Exercise goal:
Set each line of the material below down word for word, from the first through the line that holds "Hi, this video", but not the pictures.

The data:
================
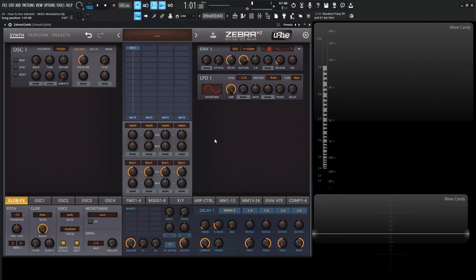Hey guys, John here. Welcome back to the course How to Use ZebraHC. This is video 24 and today we're talking about MSEG modulation.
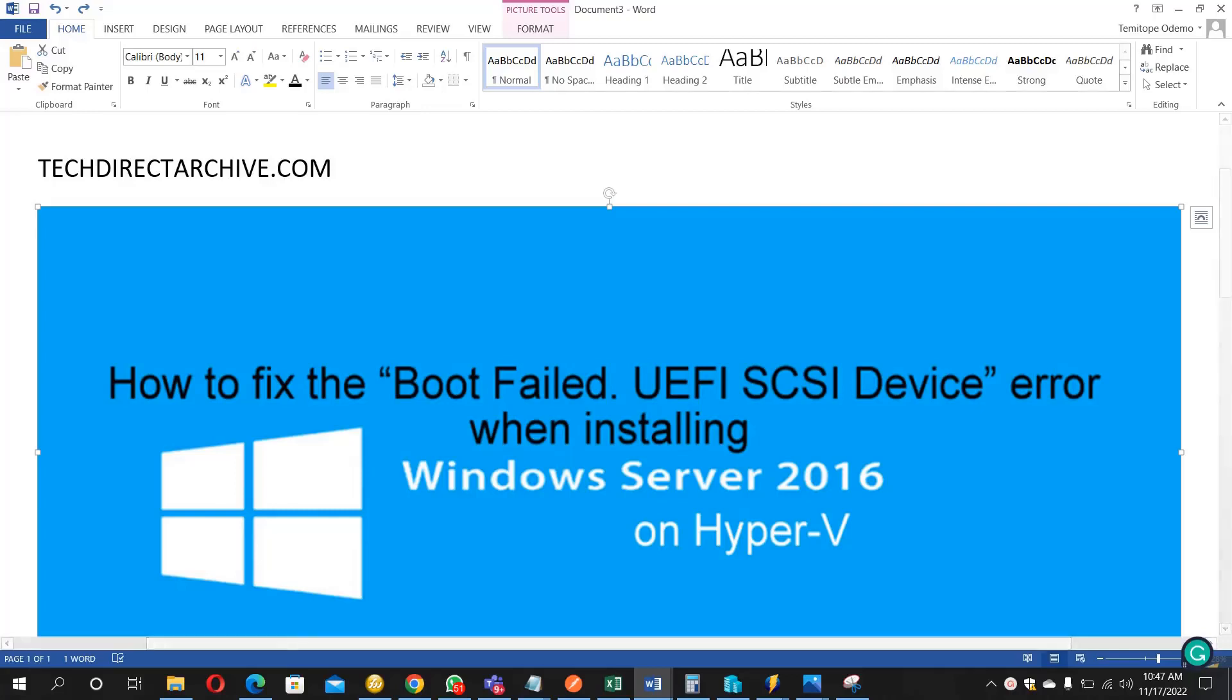Hi, this video is brought to you by techdirectarchive.com. In this video, I will show you how to fix the 'Boot Failed UEFI SCSI Device' error when installing Windows Server 2016 on Hyper-V.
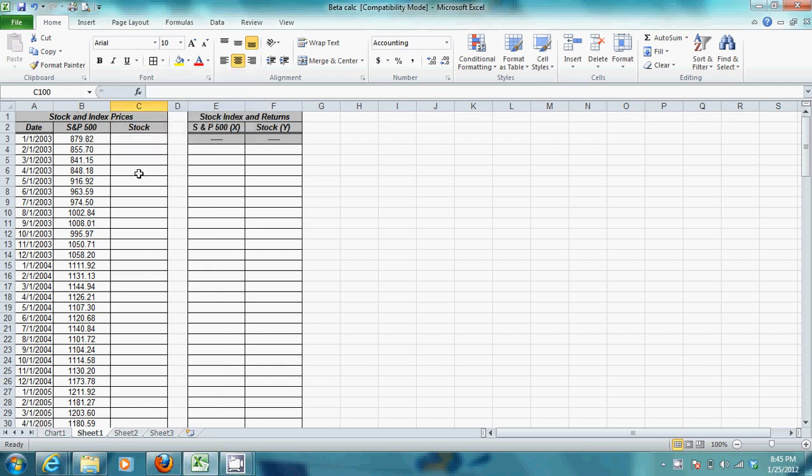Alright, so to calculate beta for a stock, first you want to open the beta calculation worksheet that's found on your HS Student Global Drive.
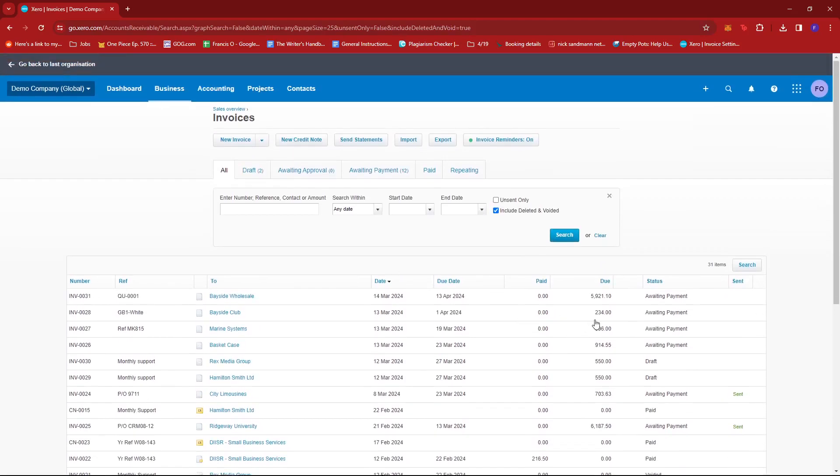And that's about it. That's how we see voided invoices in Xero. If you have any questions, please let me know down in the comments below and I'll do my best to help you out.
================
Answer box:
Hey guys, John here. Welcome back to the course How to Use ZebraHC. This is video 24 and today we're talking about MSEG modulation.
Hi, this video is brought to you by techdirectarchive.com. In this video, I will show you how to fix the 'Boot Failed UEFI SCSI Device' error when installing Windows Server 2016 on Hyper-V.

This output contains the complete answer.